Just a quick question on the part summary thing --

Is it the Vertices that you see in the part summary that make up the polygons or is it the faces thing that make up the polygons?

Just wondering if there's a way in Gmax to get an actual Polygon count so you can see where you're at and not be so confused.

I know Aerosoft's F-16 said they had close to 500,000 vertices, so I'm FAR from that in that aspect, about 80,000.

Just wondering what's what, so I don't go ewwwwww over my poly count.

Also, I know developing for FSX is different than for media. I know media can handle more, etc, so are two versions best, one for media and one for FSX?
 
The polygons are made from 3 or more vertices.
You can make airplanes for fsx that look good for media. There are a few tricks, like using the normal map or the texture for small or unnoticeable details intead of modeling them.
 
The game also goes by pure triangles. I 'think' the Polygon counter does triangles, but I dont know this for sure.

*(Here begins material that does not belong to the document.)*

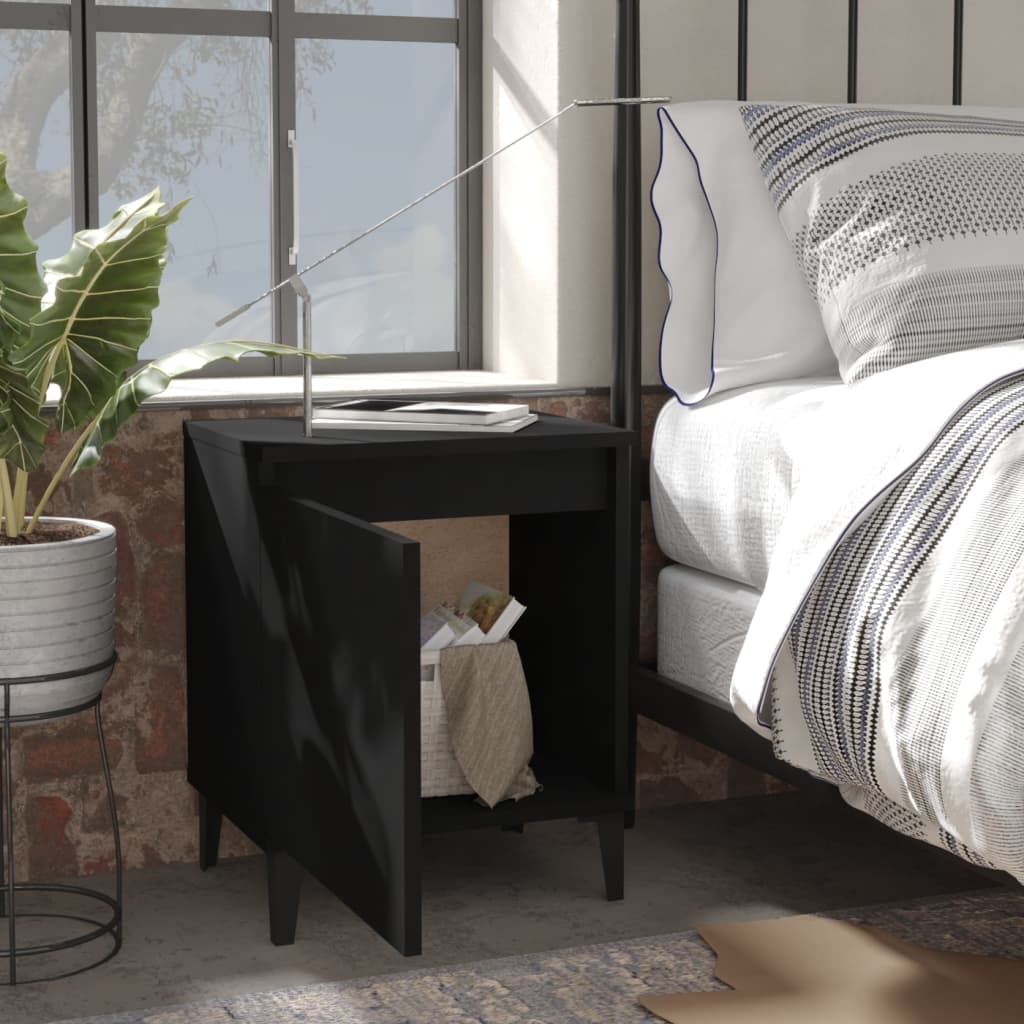 

vidaXL Nachtkastjes 2 st met metalen poten 40x30x50 cm zwart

Polygons in Gmax are Polys that could have 100 Vertices, but a gaming Poly is 3 sided, only 3 Vertices, which the Compiler will convert the model to, but adds smoothing groups as well to keep the Polys smooth looking in-game.
 

hairyspin

Resource contributor
The game also goes by pure triangles. I 'think' the Polygon counter does triangles, but I dont know this for sure.
If your mesh is Editable Poly you'll get one result from the polygon counter tool, if it's Editable Mesh you'll get another and bigger result; equal to the triangle count in E. Mesh afaik. The important thing is not to exceed 64K vertices per texture (iirc) for FSX.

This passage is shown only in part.